The church life is absolutely dependent upon the Spirit. Mere doctrines concerning the Father and the Son are inadequate. We need a living application of the Father in the Son by means of the Spirit. The Spirit glorifies the Son by revealing Him with all the fullness of the Father. Let us take the example of humility. No one is born humble. People wrongly say that children are humble, but every little child is proud. We are proud by birth and by nature. Moreover, we are proud in our living. What is humility? Humility is Christ. Christ is the reality of every human virtue and every divine attribute. All the human virtues and all the divine attributes are simply Christ Himself. In a good and positive sense, Christ is everything. He is humility, love, patience, and submission. Outside of Him nothing, including us, is good. Every virtue and every attribute is Christ. How does the Spirit glorify Christ? He glorifies Christ by revealing Him item by item. For instance, in all that Christ is, there is an item called humility. One day the Spirit reveals Christ to you as your humility. This is not a doctrine of humility; it is the living person of Christ revealed to you as humility. Spontaneously, a living humility will come out of you. That is the glorification of Christ. The Spirit glorifies Christ, the Son of God, in this way. He does not do it by teaching you about Christ as humility, but by directly revealing Christ as humility to you. This humility then comes out of your very being, and this coming out of humility is the glorification of the Son.

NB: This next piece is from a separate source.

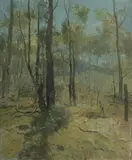 Lance Solomon, Bushman and Sheep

Eventually, every characteristic of Christ will be expressed in the church life. There will be no Jewish, Greek, American, British, Japanese, Chinese, Filipino, or any other kind of expression. There will be only the expression of Christ. This is what it means to say that the Spirit glorifies the Son by revealing Him in the fullness of the Father to the believers. We all need to have much experience of this. This will enrich, strengthen, and uplift the church life. If the church life has all of these actualities, it will surely grow.

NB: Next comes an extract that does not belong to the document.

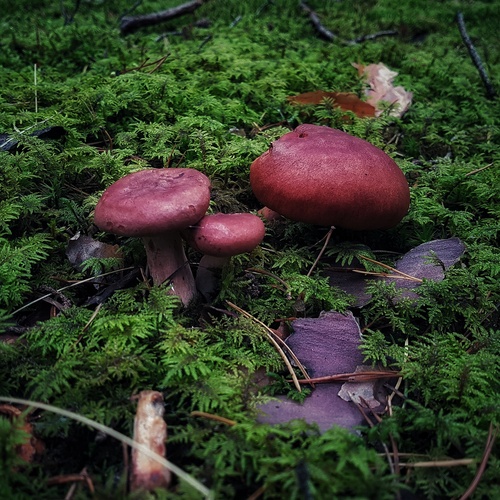 Photo #13916541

d. The Mingling of Divinity with Humanity

The church life is a mingling of divinity with humanity. As the Spirit glorifies the Son with the Father, the Triune God is wrought into and mingled with the believers. This matter of the mingling of divinity with humanity has been very much neglected by Christians today. The one matter that is the most central has been neglected by nearly all Christians. Christians care mostly for doctrine. But in John 16, as in 1:14 and 17, the word truth in Greek means “reality,” not doctrine. To take the word truth in John to mean doctrine will cause great damage. In the Greek language it simply means reality or truthfulness. When the Spirit of reality comes, He will guide us into the full reality of Christ and mingle us with the Triune God. The more the Son is revealed to us with the fullness of the Father, the more experience we shall have of the Son. Then there will be more mingling of divinity with humanity in the church life. The church life is a daily mingling of divinity with humanity.

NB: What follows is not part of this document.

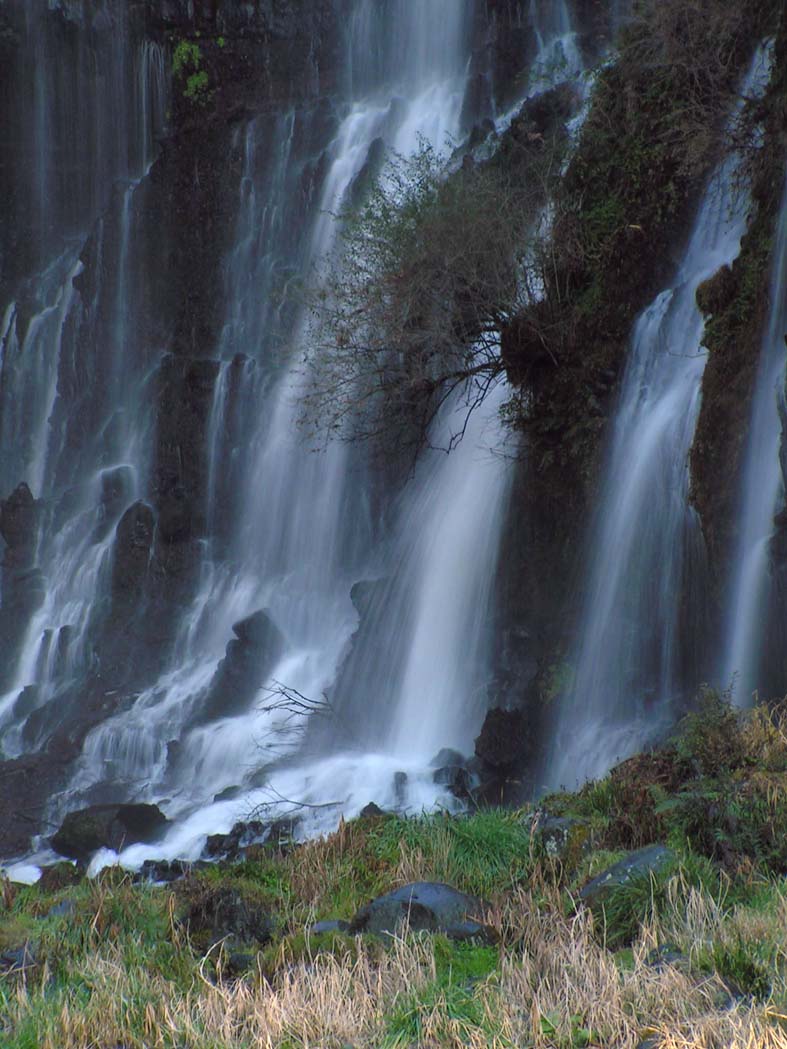 Z1_SHIRAITO_TATE.JPG - 135,753BYTES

C. To Disclose What Is to Come

We have seen that the work of the Spirit in John 16 is in three categories: to convict the world, to glorify the Son by revealing Him with the fullness of the Father to the believers, and to disclose what is to come. John’s writings are also of three categories—the Gospel, the Epistles, and the Revelation. The three categories of John’s writings correspond to the threefold work of the Spirit. His Gospel is mainly to convict the world, his Epistles are mainly to reveal the Son with the fullness of the Father, and Revelation is the book unveiling the things that shall occur in the future. In verse 13 the Lord said of the Spirit that “He will disclose to you what is to come.” The Spirit will disclose the things to come, which are mainly revealed in Revelation (Rev. 1:1, 19). In the book of Revelation, four main things are revealed: the church’s progress (chs. 1—3); the world’s destiny (chs. 4—16); Satan’s ultimate consummation—the great Babylon (chs. 17—20); and God’s ultimate consummation—the New Jerusalem (chs. 21—22). The book of Revelation discloses all of these things to us.